New Audi Q5 vs Volvo XC60
The new plug-in hybrid version of Audi’s Q5 large SUV promises low running costs and stonking performance. Does that make it a match for its Volvo XC60 rival?...
Audi Q5 55 TFSIe quattro S line Competition
- List price - £54,940
- Target Price - £53,284
The Q5 is one of the best large SUVs, and this new plug-in hybrid version broadens its appeal.
Volvo XC60 T8 AWD R-Design Polestar
- List price - £55,750
- Target Price - £50,252
With the same ethos as the Q5, the XC60 T8 gives good pace yet also low CO2 emissions.
Ever thought about going vegetarian? Feeding yourself would probably be cheaper, while your carbon footprint would shrink. The trouble is, you might have to go hungry on your annual holiday to France, where the local restaurant serves only steak, boeuf bourguignon and chateaubriand.

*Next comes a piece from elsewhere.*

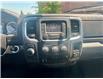 2023 RAM 1500 Classic SLT (Stk: 16054) in Okotoks - Image 14 of 14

That’s where the flexitarian approach comes in, offering many of the same financial and environmental benefits, only with a bit more, well, flexibility. The equivalent in the car world is the plug-in hybrid. These can drive on battery power alone for reasonable distances, meaning they can be good for both the planet and your pocket. But they can also call on a good old petrol engine for longer trips and when there are no charging points to hand.
Sound appealing? If so, you might be very interested in the new 55 TFSIe version of one of our favourite large SUVs, the Audi Q5. It retains most of what’s great about regular versions but promises an electric-only range of 26 miles and, as a bonus, the sort of eye-widening acceleration you’d usually expect from a sports car.
But Volvo had the idea first; it’s been selling a plug-in hybrid version of the XC60 for a couple of years now, and it promises similar performance and an extra mile of range. Their prices are nearly the same, so which is the better buy?
Performance, ride, handling, refinement
Both cars have a 2.0-litre petrol engine and an electric motor that can work either independently or together. When they’re combining forces, the XC60 has the edge for outright power. However, both cars took 5.4sec to get from 0-60mph and the Q5 feels more composed under hard acceleration – especially in slippery conditions.
For any plug-in hybrid to really make sense, though, you’ll need to use the electric motor on its own as often as possible. To do this, you need to select EV mode, which tells the engine to stay switched off, although it will fire up if you floor the accelerator pedal. Performance is perfectly adequate without doing that, especially in the Q5. But in our tests, the Q5 managed 18.6 miles on electricity, compared with 21.9 miles for the XC60.
The two cars are similarly quiet around town, but the XC60 whips up a little more wind noise and tyre roar at motorway speeds. On the plus side, it has the more consistent, feelsome brake pedal, making it the easier car in which to shed speed without doing a passable impression of a learner.
The XC60, when fitted with the optional air suspension (£1500) and 21in wheels (19in is standard) of our test car, does a fine job of coping with speed bumps and the like, but it fidgets annoyingly over smaller bumps and there’s the odd sharp jolt over potholes. In contrast, the Q5, riding on its standard steel suspension and 20in wheels, stays more composed on craggy roads but is that bit less forgiving over speed humps.
While far from being wallowy barges, neither car feels as light on its toes in plug-in hybrid form as the regular petrol and diesel equivalents – and the blame for that lies with the extra weight of the battery and electric motor.
Still, the Q5 handles in a more confidence-inspiring manner on your typical twisting B-road, partly because its steering gives you a better sense of connection to the front wheels and partly because its body leans less when turning.